I have received a requirement to alert when we have 3 or more HTTP 500 errors within a minute on one of our services. I have created a Custom Alert as follows:
and done some testing, and it seems like there is some delay in the alerting process. For example if I have 4 HTTP 500 errors at 10:03, then the Custom Alert problem is opened at 10:10 and then closed at 10:12. Since I can't find any documentation about the alerting process and the 'for X minutes during any Y minutes period' setting on the custom alert, I'm not sure what to expect, so could someone please explain how often Dynatrace evaluates the treshold on Custom Alerts and how often it decides to raise/close an alert and how the X and Y settings affects this?
Well the actual timeseries is evaluated every time a cluster consolidated metric payload is written to the storage.
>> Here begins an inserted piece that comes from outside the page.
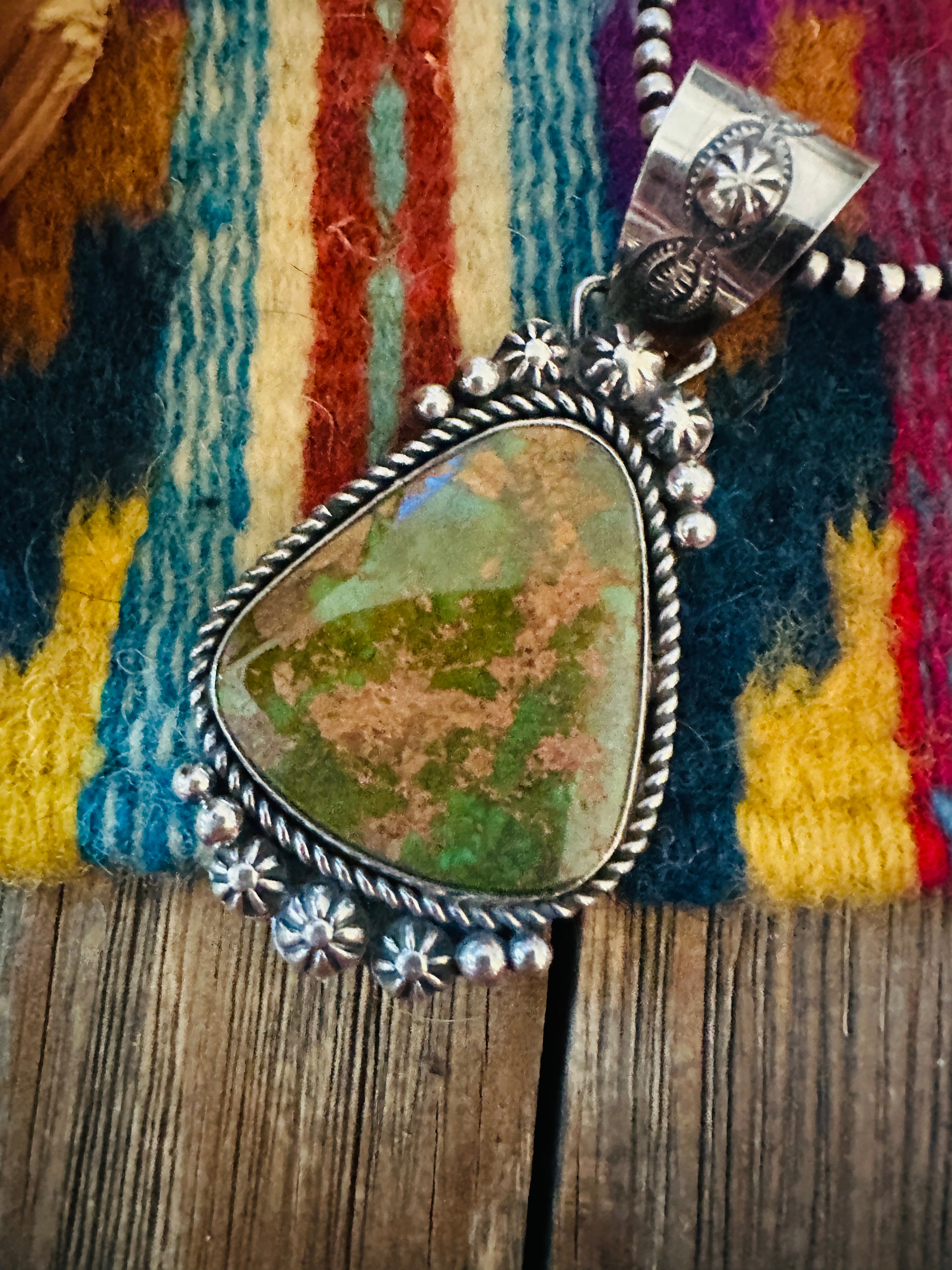 Handcrafted Sterling Silver & Royston Turquoise Pendant by Rosella Paxson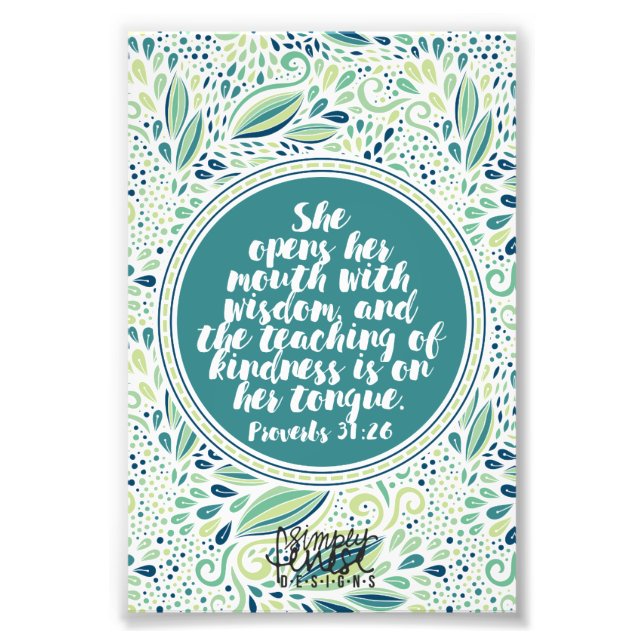 Impression Photo Proverbes 31:26 Enseignement de la sainteté Écritu (Devant)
So there is a small delay of 1 to 2 minutes until all metric results of all cluster nodes reach the storage and are written. 7 minutes delay sounds a bit too long for my perspective but 1 to 2 minutes is the typical delay until the metric is checked and the alert is raised and notified on.
Thank you for answering 🙂 In my first test I triggered 4 HTTP 500 errors and nothing more, so the delay could be explained with lack of subsequent traffic, but now I have done a new test with 5 HTTP 500 errors at 12:01 and then subsequent requests without failures, and the alert is raised at 12:08 and closed at 12:09
When the alert is raised at 12:08, it is reported to be open for 8 minutes:
and then after a minute (12:09) the problem is closed and changed to this:
There is something in the alerting process I dont quite understand 🙂 I would expect the problem to be raised no later than 12:03 and closed again 12:05
Sorry I have to correct my previous answer as the cluster nodes have to consolidate the incoming data. So by default only after 5 minutes when no new data is written do a timeslot the slot is closed and checked for the threshold.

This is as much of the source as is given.